First we need to import the “stage 2 data” and perform the same transformations we did to the rest of the data:

stg2data <- arrange(read.csv("125colours-1.csv"),ID)
kagdata <- rbind(testing,stg2data)
redorpinkkag <- kagdata[,2+redorpink]
rpkagplus1 <- 1 + redorpinkkag[,trainorder]
kagratios <- NULL
l <- length(trainorder)
for (i in 1:(l-1)){
  for (j in (i+1):l){
    kagratij <- rpkagplus1[,j]/rpkagplus1[,i]
    kagratios <- cbind(kagratios, kagratij)
  }
}
colnames(kagratios) <- paste("ratio",1:91,sep="")
kagdf <- cbind(kagdata[,c("ID","type")], kagratios)
levels(kagdf$type) <- paste("T", levels(kagdf$type), sep="")
kagdfred <- kagdf[,c(T,T,bestvars)]

Next we use the second model we trained to provide probabilities for the data. We output the dataframe as a .csv file in the correct format for Kaggle and upload it.
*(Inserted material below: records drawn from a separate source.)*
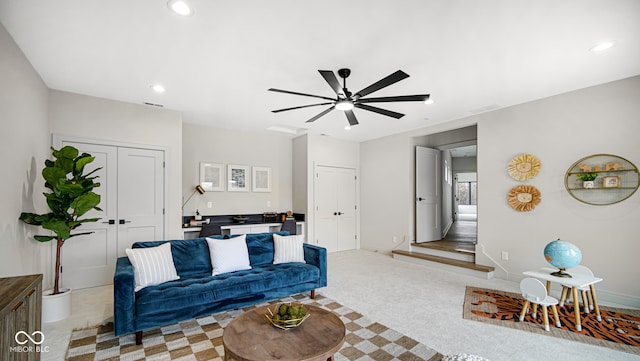 living area featuring recessed lighting, visible vents, a ceiling fan, and light colored carpet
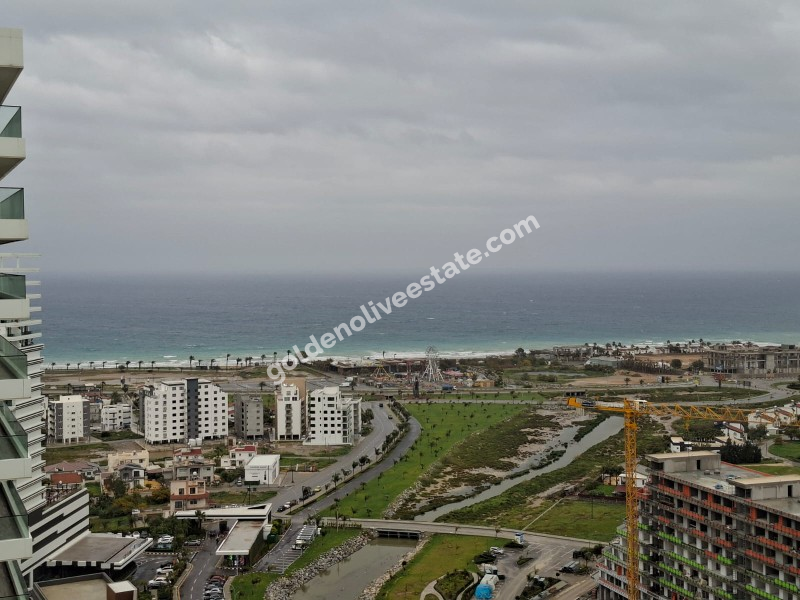 İSKEKLE LONGBEACH BÖLGESİNDE 7 YILDIZLI REZİDANS İLE OTEL KONSEPTLİ SATILIK 2+1 DAİRE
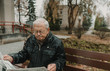 © ADDICTIVE STOCK - Elderly man reading newspaper in park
  probskag <- predict(minimod1, 
                          newdata = kagdfred, 
                          type = "prob"
  )
  kagdata$ID <- paste(kagdata$ID,".jpg",sep="")
  
  df <- cbind(kagdata$ID, probskag)
  names(df) <- c("image_name","Type_1","Type_2","Type_3")
  write.csv(df, 
            file = "submission5.csv", 
            row.names = FALSE, 
            quote = FALSE
  )

Discussion

This model achieved a score of logloss = 0.86039, attaining position #161 on the leaderboard (this needs to be updated after the final scores are announced). Although not overwhelmingly impressive, this is still significantly better than the random benchmark, which is interesting considering that the training features we used didn’t take any account of the positions of any of the pixels in the images.
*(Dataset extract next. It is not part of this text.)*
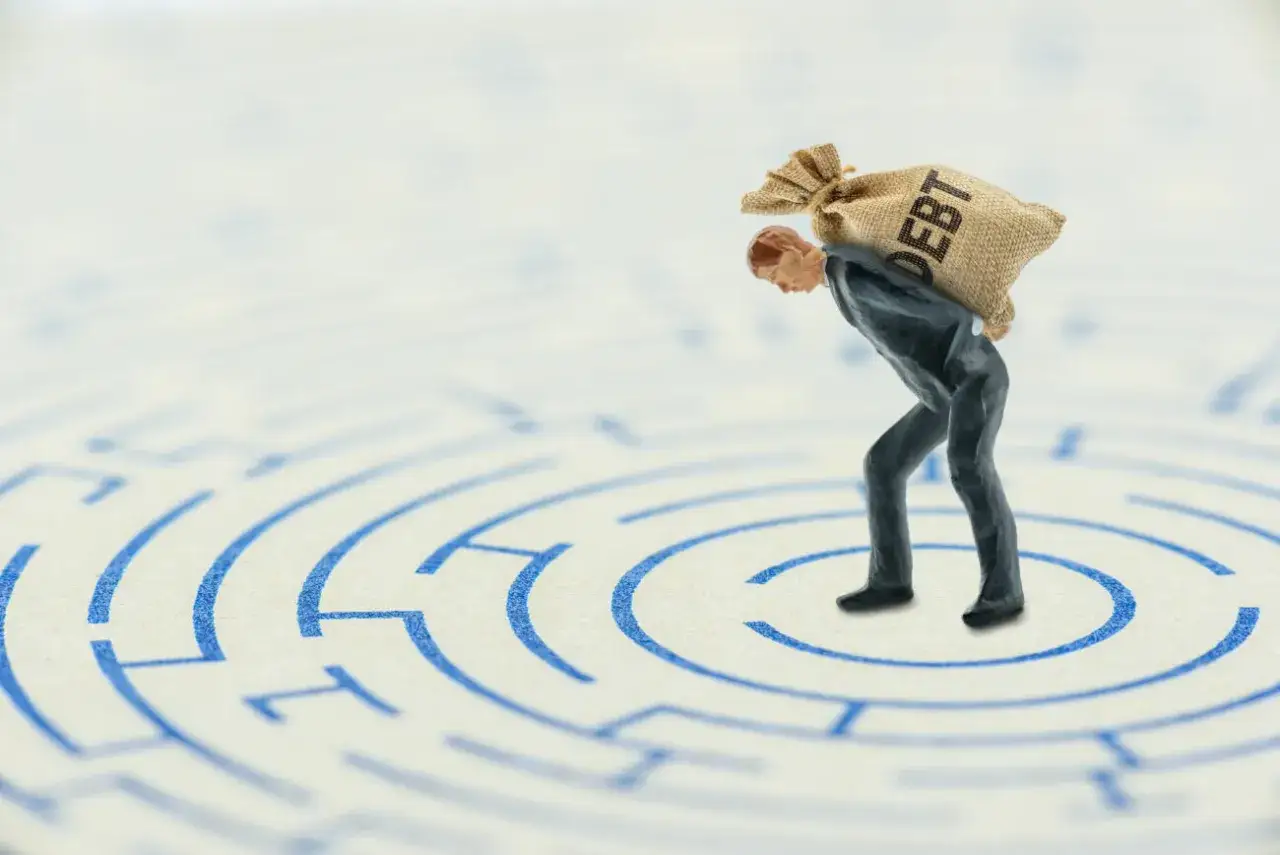 Osoba zmartwiona długami lub symbol spirali zadłużenia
In other attempts we also tried training a LeNet convolutional neural network (CNN) on the data, but the amount of data was seemingly not large enough to get a good performance. In future applications, it would be a good idea to use a pre-trained CNN, which would already “know” how to see objects in images and would merely have to learn the difference between the three classes of cervix.